** WHAT THE TASK ASKS **
Images should be left out, and everything else in the listing reproduced exactly.

** DATASET CONTENT **

'''

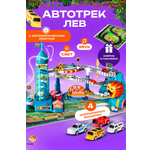 Изображение товара Трек TrendToys Автотрек с машинками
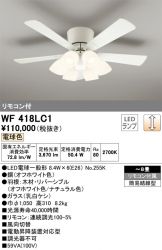 WF418LC1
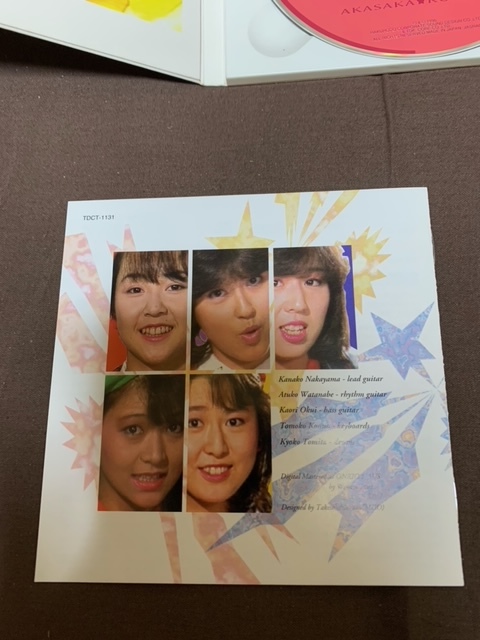 赤坂小町 CD - Yahoo!オークション | おもちゃ 「赤坂小町」音楽の落札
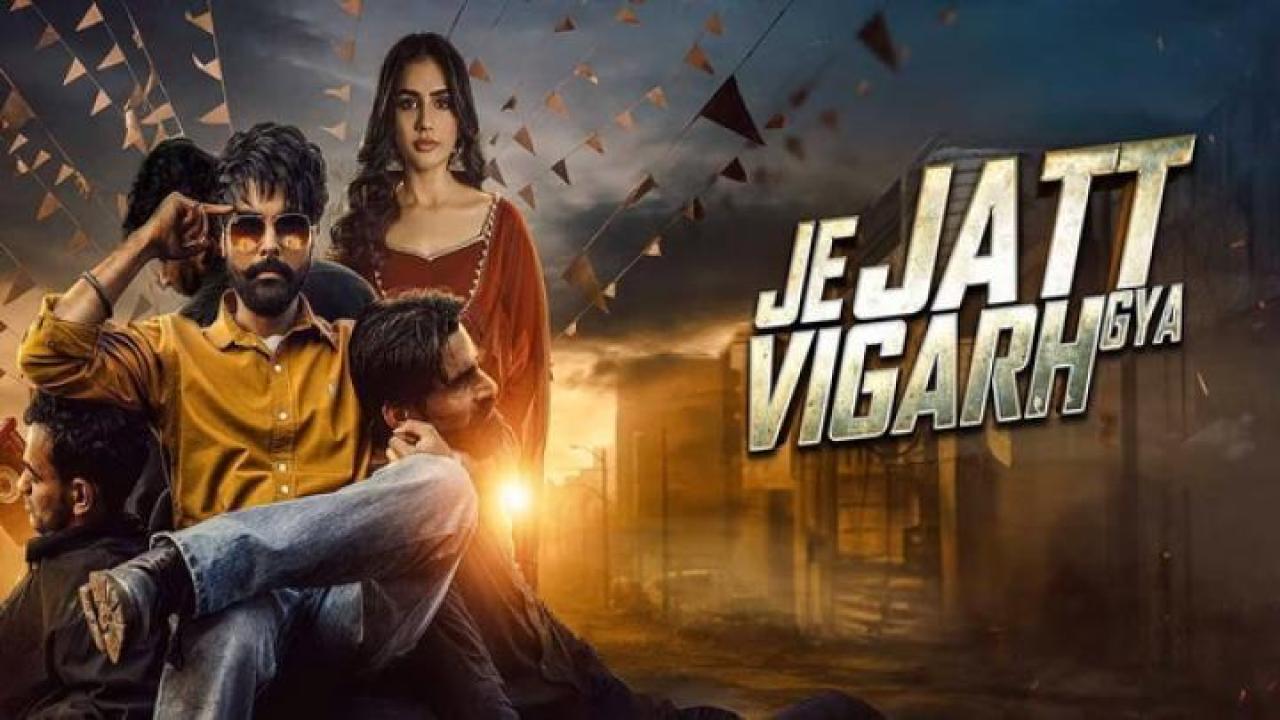 مشاهدة فيلم Je Jatt Vigarh Gya 2024 مترجم لاروزا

'''

** TASK RESULT **
 Изображение товара Трек TrendToys Автотрек с машинками
 WF418LC1
 赤坂小町 CD - Yahoo!オークション | おもちゃ 「赤坂小町」音楽の落札
 مشاهدة فيلم Je Jatt Vigarh Gya 2024 مترجم لاروزا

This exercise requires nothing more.